Articles 4 and 5 are transitional provisions and provide for the continuation in the same courts of any cases in progress on January 1, 1975, and for the allocation of cases arising before May 16, 1975, to either the appropriate old or the appropriate new court. If approved, the Order will come into operation on January 1, 1975. My Lords, I beg to move.

Moved, That the Draft Sheriffdoms Reorganisation Order, laid before the House on October 12, be approved.—(Lord Hughes.)

4.48 p.m.

LORD MOWBRAY AND STOURTON

My Lords, may I thank the noble Lord again for having introduced and explained this Order. The Secretary of State has been put in a very powerful position by the Sheriff Courts (Scotland) Act 1971. If it is possible, I should like to know the extent of the appeal duties and also the purpose and extent of the new administrative duties of the new sheriffs principal. I know the Minister mentioned police and social work services, et cetera but that does not leave one with very much information. The Scottish Law Times has been, hinting at various duties which presumably have some foundation. Also, is it intended that the new sheriffs principal shall be judges at first instance, or not? The Minister has already answered the question I was going to ask about why the Grant recommendation of five principal sheriffdoms was not adhered to, and I am thankful. If the noble Lord cannot answer me now, I will be perfectly happy to await a letter from him.

LORD HUGHES

My Lords, certainly at present the sheriff principal can be a judge at first instance. This has happened more so in the two cases where there are full-time sheriffs principal at the present time. It is not so much that there is to be a change of administrative duties; it is because of the way things are working out. It is now accepted that it is necessary for the sheriff principal to take a much stronger role in the administration of the sheriffdoms, seeing that things are working smoothly, to an extent which has proved perfectly satisfactory with the existing sheriff principal appointments. But where a part-time sheriff principal might be away for a long time on a planning inquiry, appearing as an advocate, for instance, it has not been possible for him to undertake the administrative duties in such a satisfactory way. It is not so much a question of a change but the opportunity to have the task carried out more effectively.

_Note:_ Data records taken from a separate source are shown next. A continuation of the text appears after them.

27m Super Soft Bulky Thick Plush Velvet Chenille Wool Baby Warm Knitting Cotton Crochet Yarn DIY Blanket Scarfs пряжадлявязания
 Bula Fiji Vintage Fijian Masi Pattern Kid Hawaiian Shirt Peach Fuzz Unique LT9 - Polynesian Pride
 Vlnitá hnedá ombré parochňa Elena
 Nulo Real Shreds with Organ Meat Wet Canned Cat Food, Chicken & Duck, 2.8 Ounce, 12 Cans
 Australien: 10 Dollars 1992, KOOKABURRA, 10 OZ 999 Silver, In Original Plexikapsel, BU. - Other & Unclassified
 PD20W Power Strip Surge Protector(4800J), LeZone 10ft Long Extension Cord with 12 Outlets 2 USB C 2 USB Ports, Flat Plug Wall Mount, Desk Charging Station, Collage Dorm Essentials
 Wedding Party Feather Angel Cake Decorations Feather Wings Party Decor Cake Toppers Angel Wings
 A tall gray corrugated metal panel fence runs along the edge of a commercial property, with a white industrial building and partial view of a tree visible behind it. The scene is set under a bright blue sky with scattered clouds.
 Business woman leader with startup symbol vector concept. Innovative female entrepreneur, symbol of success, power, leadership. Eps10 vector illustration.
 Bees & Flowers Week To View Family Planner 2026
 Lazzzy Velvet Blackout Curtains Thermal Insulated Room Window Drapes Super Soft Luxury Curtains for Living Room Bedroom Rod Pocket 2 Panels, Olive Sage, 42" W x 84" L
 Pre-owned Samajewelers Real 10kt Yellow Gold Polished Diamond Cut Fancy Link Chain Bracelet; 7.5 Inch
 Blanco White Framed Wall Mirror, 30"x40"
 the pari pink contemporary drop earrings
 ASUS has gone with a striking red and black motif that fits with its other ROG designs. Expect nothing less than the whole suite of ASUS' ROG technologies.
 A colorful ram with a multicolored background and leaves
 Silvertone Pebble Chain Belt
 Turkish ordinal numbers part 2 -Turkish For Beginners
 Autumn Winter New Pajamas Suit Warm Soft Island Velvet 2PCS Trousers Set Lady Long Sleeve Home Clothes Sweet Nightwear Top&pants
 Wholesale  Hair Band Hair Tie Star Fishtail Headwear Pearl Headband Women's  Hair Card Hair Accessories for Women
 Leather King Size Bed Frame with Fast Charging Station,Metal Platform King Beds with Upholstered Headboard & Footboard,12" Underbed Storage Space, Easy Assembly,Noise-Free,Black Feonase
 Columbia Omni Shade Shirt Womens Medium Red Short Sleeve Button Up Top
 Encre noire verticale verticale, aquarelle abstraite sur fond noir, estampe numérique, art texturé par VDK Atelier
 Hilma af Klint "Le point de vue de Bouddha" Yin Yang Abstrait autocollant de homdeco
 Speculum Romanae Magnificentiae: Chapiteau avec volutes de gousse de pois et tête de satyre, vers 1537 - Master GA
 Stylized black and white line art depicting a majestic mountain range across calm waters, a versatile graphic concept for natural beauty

The other point is that the sheriff principal will of course be in exactly the same position. He will be a court of appeal as at the present time. What I think I did not make clear is that, as at present, he will hear criminal cases as a judge of first instance, but in civil appeals of course he will not; he is the court of appeal in that case. So the position is unchanged from the present.

LORD MOWBRAY AND STOURTON

My Lords, I am very grateful to the noble Lord.

LORD BOOTHBY

My Lords, I want to make only a very brief intervention. Having sat on the University Court of St. Andrew's for three years with the noble Lord, Lord Hughes, and with all due respect to my noble friend, the last description I would ever give to him is of being a bulldozer, of which he has been accused this afternoon. I think he has proved that in the conduct of the debate this afternoon.

4.51 p.m.

THE EARL OF MANSFIELD

My Lords, I should like to ask the noble Lord, Lord Hughes, one point. I appreciate the extreme delicacy, as a member of the English Bar, of trying to tread in Scotland, but, like Agag, I shall tread delicately. Indeed, as an honorary sheriff, I fall due to be reorganised under paragraph 3(2). Still less would I try to say that anything about the English legal system is superior to Scotland's. The fact remains that the 12 sheriffdoms are to be reduced to 6; and as I understand it the sheriffs principal are to be full-time appointments. That apparently has the effect that there will be no opportunities for aspirants to the Scottish High Court bench to gain judicial experience.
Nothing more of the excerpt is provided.